Review Summary: A guilty pleasure, fit for the nerd in all of us.
Against my better judgment I checked out Monomate's debut, "Grand Battle." Against my better judgment, I proceeded to listen to said album. And yet again, against my better judgment, I completely indulged myself, more than once. You see, "Grand Battle" is the guiltiest of guilty pleasures. A complete "nerdgasm", lacking any real substance, yet somehow being very alluring, and somewhat enjoyable. The cover in itself sent warning signs. A disgustingly colorful palate, accented by the horribly illustrated Nintendo/Sega icons from yesteryear, should have been enough to send me away. However, it did not.
And unfortunately, I'm happy it didn't.
Why? Why, does Monomate spur these conflicting feelings within me? Well it may have to do with, well, everything about his music. His music and his image, and well, everything else about him. Peter Bunker, better known as "Peet," is the sole man behind Monomate. Monomate is actually Peet's third musical persona, and it's nintendocore to the "nth" degree. He indulges heavily in 8-bit soundscapes, and even video game themed lyrics. He is rather young, and his youthful exhuberance shines through "Grand Battle" to a ridiculous degree. It's a high energy release, and it's very clear that Peet really enjoyed creating the album. And overall, "Grand Battle" is a hell of a lot of fun because of the clear excitement behind the music.
Everything about "Grand Battle" centers around video games. The music, the cover art, and especially the lyrics. I stated before that Peet really gets into the 8-bit aspects of video game music. Well, that's a bit of an understatement, as nearly every aspect of the music is drenched in 8-bit. It's an electronica album through and through. Literally, everything, even the drums, are digitized. And while at least one substantial, physical, instrument would have been appreciated, "Grand Battle" gets a lot of it's personality from the overall sound. It's wacky, quirky, and unbelievably ridiculous. He does more with what he has than one would think. Vocally, Peet is a mixed bag. He's either screaming or singing, and neither is particularly wonderful. He's adequate, that much is true, but he is fairly underwhelming when everything else around him is so preposterous. Screaming mixed with 8-bit may seem rather droll, but there's plenty of diversity, and things stay mostly interesting throughout because of it.
Lyrically, it's obvious Peet is a fan of video games, old school games to be more specific. Sonic, Link, Luigi, and more, are all represented here. To be honest, this is where Monomate becomes an even more polarizing force. Fans and gamers alike will get a kick out of the references, but those not in the know will be completely left out. Specifically, "Fail Hill Zone, Act I." The song is about how Sonic the Hedgehog was once a king of video games, an icon, but now is more or less a joke in the gaming community. Terrible games, starring Sonic, are being put out, year after year.
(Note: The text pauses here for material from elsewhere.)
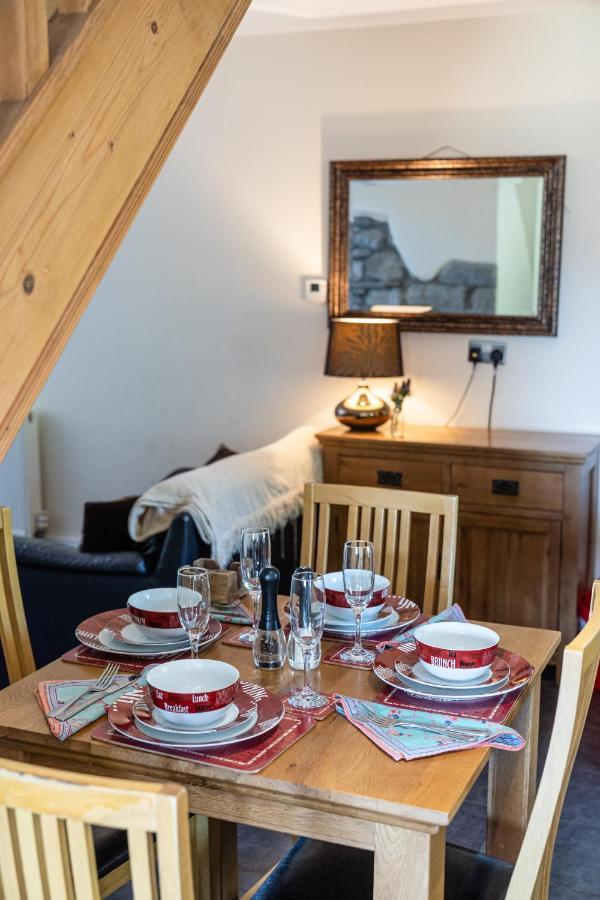 Wrth Y Nant Villa Saint Ishmaels  Eksteriør billede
Peet even goes as far to scream, "*** you, Sonicteam," as an allusion to the company's ruination of the once beloved character. "The Surfing Song?" Yeah, it's about the relationship between an old man and Lapras. Yes, Lapras the Pokemon. Rainbow Road, you know, that godawful, frustrating track from every Mario Kart game? Yeah that's here too. It's all so laughable, and completely ridiculous, but somehow it is all so undeniably fun.
"Grand Battle" is gimicky. Gimicky and indulgent. For fans of old school video games, Nintendo in particular, this album will be a load of fun. Yet the fun and games has it's price. "Grand Battle" is in no way to be taken seriously. It's an overly goofy album, and lacks any and all types of substance an album should have. Musically, this album is really devoid of any type of substance. But Peet, with his crazy lyrics, unending profanity, and 8-bit soundboard, has completely won me over. Maybe it's my inner nerd. Maybe it's all the wacky sounds messing with my head. Either way, "Grand Battle" is a hell of a good time. And while it may not have much staying power, it's been some of the most fun I've had all year.